- [Description of the task]: Give back an exact copy of the lines in the records below, from the line that has "crème – PDF inclus" through the line that has "Patent drawing - for", and nothing besides.

- [Source material]:
== Segment start ==
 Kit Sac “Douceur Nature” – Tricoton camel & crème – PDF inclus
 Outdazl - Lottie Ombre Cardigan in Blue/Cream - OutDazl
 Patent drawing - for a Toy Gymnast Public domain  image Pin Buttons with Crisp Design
== Segment end ==
== Segment start ==
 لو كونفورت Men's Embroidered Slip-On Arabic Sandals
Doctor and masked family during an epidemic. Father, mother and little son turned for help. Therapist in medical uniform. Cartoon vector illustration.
== Segment end ==
- [Result]:
 Kit Sac “Douceur Nature” – Tricoton camel & crème – PDF inclus
 Outdazl - Lottie Ombre Cardigan in Blue/Cream - OutDazl
 Patent drawing - for a Toy Gymnast Public domain  image Pin Buttons with Crisp Design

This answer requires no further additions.